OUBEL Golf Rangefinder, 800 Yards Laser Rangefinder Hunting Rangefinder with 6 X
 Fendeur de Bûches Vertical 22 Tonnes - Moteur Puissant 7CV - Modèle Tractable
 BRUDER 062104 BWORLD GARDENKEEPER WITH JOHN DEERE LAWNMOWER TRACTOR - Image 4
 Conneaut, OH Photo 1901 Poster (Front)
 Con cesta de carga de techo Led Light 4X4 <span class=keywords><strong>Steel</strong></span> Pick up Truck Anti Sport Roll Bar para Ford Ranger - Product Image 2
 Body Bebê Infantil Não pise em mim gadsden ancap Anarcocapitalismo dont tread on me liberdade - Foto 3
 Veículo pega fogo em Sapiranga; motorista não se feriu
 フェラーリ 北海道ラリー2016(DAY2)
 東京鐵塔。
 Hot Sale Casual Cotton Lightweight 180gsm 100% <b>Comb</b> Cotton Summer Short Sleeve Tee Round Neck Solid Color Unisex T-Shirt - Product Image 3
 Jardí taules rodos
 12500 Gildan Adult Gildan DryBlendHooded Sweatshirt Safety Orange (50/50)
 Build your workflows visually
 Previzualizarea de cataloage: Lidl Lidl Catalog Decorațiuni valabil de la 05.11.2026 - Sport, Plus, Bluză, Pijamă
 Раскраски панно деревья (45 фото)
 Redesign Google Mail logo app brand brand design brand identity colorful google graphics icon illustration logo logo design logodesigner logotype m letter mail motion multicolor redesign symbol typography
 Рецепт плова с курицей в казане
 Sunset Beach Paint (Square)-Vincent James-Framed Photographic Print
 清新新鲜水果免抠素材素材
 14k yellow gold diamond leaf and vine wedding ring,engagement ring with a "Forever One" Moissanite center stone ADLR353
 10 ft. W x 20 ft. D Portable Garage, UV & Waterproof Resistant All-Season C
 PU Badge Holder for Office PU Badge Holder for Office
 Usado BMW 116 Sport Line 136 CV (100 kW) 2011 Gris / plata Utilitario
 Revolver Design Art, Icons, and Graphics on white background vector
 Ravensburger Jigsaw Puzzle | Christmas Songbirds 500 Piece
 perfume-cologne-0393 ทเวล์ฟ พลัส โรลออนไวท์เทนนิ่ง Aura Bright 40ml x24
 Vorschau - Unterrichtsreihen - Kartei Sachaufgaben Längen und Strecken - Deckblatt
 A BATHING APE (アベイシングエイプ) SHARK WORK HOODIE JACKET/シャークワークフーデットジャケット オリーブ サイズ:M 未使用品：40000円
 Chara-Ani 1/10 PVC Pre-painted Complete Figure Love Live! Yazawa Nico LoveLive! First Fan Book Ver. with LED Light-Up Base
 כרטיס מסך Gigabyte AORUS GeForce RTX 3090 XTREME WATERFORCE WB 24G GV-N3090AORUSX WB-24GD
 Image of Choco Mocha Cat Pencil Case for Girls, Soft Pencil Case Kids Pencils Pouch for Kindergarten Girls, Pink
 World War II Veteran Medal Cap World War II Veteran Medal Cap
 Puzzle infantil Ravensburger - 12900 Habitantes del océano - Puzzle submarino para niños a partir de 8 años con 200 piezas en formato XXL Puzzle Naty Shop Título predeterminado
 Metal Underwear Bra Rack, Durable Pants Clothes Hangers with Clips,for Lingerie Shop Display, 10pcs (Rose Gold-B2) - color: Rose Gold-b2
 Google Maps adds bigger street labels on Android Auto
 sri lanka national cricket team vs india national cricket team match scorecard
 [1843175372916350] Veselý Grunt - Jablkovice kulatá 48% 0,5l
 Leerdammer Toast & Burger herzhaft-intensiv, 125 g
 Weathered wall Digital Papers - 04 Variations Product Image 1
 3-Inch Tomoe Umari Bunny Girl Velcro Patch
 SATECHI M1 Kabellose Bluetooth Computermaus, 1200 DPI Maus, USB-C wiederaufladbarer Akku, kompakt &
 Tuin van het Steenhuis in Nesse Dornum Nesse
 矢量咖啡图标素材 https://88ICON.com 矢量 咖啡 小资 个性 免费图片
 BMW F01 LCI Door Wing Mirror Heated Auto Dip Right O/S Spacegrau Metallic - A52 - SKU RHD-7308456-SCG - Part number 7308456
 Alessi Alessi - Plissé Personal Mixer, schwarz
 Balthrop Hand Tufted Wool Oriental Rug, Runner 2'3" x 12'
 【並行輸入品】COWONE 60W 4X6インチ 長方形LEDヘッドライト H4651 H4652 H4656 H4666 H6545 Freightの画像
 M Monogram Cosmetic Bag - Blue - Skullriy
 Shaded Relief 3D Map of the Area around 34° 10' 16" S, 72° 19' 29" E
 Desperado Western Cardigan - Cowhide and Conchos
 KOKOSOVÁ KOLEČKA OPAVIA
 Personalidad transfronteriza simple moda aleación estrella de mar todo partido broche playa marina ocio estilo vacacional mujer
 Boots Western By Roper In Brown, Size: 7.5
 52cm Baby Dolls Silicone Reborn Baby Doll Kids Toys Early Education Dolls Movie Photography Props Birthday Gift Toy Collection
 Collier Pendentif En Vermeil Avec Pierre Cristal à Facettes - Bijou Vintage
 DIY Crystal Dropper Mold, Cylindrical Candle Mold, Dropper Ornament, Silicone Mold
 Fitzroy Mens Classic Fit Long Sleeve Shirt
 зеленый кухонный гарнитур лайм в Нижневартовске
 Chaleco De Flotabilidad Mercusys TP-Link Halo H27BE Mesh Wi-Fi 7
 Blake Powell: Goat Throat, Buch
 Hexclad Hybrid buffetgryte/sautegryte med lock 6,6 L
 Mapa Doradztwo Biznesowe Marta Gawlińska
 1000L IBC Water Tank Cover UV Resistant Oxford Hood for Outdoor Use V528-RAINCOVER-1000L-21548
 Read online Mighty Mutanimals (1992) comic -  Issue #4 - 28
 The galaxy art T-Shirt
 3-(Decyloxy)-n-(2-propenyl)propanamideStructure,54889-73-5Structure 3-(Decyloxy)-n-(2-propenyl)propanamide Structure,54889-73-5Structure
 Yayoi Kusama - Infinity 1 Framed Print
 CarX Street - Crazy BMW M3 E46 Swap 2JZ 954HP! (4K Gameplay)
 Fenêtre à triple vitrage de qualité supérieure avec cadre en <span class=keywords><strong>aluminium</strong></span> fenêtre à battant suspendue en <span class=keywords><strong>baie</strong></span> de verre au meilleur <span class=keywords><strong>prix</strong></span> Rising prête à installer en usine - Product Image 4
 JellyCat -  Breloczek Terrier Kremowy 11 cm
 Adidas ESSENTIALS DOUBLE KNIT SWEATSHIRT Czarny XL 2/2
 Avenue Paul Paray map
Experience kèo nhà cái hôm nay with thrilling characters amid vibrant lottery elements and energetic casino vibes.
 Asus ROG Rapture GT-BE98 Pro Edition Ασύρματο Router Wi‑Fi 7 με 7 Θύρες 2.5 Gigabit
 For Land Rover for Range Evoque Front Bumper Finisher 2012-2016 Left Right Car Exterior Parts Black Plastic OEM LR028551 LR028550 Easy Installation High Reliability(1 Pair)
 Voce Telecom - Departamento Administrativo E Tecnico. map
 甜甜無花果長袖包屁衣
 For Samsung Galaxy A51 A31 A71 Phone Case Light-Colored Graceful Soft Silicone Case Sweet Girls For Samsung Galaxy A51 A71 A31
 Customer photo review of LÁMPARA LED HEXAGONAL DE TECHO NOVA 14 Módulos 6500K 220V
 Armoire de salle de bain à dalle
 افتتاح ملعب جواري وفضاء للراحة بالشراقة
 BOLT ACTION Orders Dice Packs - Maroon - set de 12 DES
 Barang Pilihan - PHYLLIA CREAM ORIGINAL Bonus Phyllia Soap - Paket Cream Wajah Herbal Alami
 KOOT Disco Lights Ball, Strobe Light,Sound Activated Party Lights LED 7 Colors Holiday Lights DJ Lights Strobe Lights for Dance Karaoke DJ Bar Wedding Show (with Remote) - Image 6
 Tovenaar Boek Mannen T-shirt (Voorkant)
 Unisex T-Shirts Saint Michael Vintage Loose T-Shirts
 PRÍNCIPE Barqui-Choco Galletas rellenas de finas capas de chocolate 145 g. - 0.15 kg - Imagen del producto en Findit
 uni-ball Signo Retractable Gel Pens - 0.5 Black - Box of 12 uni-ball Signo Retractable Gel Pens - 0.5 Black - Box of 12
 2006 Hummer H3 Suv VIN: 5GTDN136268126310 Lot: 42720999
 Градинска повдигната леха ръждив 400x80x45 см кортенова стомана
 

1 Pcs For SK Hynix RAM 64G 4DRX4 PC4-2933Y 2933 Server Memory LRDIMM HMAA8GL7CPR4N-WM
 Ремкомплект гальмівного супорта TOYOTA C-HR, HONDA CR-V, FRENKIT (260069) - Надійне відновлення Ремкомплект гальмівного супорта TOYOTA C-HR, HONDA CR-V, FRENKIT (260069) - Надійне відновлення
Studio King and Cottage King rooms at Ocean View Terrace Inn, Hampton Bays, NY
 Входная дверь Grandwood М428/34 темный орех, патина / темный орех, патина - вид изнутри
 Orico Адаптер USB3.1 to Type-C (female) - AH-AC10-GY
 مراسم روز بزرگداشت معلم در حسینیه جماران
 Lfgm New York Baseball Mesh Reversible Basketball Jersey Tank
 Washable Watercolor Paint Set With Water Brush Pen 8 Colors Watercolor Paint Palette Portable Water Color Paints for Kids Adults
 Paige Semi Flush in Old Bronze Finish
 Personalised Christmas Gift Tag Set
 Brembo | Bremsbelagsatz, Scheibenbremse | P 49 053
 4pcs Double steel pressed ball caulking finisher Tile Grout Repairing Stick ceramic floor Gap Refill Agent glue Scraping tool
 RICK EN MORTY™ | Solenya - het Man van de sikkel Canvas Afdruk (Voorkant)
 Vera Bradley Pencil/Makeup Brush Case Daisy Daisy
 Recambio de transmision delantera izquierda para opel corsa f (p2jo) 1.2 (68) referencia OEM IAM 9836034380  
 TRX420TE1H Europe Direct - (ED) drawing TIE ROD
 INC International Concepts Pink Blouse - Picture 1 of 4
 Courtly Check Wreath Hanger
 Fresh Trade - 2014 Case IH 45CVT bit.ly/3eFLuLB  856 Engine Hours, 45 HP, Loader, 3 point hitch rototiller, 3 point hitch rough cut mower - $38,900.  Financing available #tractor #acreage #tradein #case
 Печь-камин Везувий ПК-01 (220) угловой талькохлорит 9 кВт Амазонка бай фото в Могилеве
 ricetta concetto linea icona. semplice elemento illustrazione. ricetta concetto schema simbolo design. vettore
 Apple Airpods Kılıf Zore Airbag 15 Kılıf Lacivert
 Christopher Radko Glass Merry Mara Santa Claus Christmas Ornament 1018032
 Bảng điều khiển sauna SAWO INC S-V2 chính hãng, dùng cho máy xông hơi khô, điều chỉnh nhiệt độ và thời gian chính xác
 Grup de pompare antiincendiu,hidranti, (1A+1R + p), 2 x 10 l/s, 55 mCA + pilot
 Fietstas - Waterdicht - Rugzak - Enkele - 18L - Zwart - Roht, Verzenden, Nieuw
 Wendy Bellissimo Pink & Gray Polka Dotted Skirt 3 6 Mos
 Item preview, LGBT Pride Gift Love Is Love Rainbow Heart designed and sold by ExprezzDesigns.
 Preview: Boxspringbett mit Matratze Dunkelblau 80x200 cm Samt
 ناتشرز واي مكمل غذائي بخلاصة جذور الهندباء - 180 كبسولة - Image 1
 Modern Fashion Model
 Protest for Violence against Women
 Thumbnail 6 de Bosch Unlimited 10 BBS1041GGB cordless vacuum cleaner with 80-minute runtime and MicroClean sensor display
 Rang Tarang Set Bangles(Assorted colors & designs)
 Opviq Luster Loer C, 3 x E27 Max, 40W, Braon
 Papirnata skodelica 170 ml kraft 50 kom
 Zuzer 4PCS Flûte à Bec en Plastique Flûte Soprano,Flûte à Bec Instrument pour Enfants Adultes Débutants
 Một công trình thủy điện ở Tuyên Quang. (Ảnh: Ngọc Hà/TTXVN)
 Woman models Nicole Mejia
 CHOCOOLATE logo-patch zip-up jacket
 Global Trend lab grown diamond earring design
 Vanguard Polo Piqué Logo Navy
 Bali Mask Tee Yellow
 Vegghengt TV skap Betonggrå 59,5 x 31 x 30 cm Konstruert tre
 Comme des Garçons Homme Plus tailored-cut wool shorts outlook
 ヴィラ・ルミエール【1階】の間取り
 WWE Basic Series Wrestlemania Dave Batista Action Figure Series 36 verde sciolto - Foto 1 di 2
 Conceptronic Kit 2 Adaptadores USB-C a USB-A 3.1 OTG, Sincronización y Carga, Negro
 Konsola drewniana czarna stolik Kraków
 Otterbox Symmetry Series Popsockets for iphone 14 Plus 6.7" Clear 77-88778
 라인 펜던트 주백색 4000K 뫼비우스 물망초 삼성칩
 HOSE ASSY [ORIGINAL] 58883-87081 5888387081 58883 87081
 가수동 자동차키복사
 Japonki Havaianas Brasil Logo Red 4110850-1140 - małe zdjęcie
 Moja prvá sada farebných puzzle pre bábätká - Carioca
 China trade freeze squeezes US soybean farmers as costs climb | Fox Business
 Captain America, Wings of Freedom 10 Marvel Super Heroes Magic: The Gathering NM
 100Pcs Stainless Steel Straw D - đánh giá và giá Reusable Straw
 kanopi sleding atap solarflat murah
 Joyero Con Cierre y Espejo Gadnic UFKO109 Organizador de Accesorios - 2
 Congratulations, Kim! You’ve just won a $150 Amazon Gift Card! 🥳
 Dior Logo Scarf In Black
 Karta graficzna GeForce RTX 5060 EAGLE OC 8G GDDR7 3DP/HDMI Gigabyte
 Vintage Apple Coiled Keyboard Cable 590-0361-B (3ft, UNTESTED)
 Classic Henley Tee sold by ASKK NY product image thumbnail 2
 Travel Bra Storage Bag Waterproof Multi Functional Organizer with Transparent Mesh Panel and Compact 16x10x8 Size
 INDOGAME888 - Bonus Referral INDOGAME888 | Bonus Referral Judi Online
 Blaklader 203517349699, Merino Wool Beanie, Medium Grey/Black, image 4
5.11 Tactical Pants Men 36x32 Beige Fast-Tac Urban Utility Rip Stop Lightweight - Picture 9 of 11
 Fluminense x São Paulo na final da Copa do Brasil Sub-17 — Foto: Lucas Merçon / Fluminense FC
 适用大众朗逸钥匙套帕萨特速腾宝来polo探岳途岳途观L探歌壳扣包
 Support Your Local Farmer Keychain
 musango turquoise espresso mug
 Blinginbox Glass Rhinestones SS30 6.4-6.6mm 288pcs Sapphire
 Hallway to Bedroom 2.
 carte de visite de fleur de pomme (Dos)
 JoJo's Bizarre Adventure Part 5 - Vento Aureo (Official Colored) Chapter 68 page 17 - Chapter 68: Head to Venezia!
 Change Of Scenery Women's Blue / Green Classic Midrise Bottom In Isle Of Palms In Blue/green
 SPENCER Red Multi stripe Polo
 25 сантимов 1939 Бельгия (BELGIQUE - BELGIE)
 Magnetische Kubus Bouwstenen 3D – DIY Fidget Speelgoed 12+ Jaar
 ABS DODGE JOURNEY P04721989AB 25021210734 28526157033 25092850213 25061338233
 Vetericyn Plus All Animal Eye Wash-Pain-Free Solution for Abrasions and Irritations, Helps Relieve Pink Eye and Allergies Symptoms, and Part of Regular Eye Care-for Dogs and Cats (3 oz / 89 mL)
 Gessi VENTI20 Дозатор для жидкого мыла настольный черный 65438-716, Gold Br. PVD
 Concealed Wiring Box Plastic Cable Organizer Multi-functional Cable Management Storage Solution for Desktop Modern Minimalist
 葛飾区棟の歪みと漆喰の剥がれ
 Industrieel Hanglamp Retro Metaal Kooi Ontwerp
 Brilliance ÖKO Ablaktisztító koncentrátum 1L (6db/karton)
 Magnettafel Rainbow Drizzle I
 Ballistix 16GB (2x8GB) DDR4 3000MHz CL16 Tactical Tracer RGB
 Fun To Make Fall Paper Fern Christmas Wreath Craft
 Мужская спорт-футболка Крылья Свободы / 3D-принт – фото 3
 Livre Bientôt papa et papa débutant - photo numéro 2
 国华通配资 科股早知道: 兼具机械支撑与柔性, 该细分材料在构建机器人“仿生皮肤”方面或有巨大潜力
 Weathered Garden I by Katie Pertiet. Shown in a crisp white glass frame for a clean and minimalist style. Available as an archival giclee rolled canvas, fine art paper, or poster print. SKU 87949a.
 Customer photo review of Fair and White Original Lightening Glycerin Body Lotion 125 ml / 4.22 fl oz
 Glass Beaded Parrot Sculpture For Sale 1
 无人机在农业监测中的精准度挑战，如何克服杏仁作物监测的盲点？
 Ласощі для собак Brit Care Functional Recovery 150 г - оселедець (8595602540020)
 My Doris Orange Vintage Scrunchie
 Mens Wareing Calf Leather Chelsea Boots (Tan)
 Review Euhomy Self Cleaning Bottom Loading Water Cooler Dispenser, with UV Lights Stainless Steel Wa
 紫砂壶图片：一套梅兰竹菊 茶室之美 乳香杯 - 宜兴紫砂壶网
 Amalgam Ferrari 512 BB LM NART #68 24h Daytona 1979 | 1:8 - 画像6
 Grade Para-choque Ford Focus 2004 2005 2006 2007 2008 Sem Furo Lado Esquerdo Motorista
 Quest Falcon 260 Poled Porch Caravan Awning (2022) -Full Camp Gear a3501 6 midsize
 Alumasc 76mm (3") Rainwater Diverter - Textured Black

— About this task —
I'd like the lines above from the one with "Voce Telecom - Departamento" up to and including the one with "BOLT ACTION Orders" copied exactly, with no other lines.

— Response to the task —
 Voce Telecom - Departamento Administrativo E Tecnico. map
 甜甜無花果長袖包屁衣
 For Samsung Galaxy A51 A31 A71 Phone Case Light-Colored Graceful Soft Silicone Case Sweet Girls For Samsung Galaxy A51 A71 A31
 Customer photo review of LÁMPARA LED HEXAGONAL DE TECHO NOVA 14 Módulos 6500K 220V
 Armoire de salle de bain à dalle
 افتتاح ملعب جواري وفضاء للراحة بالشراقة
 BOLT ACTION Orders Dice Packs - Maroon - set de 12 DES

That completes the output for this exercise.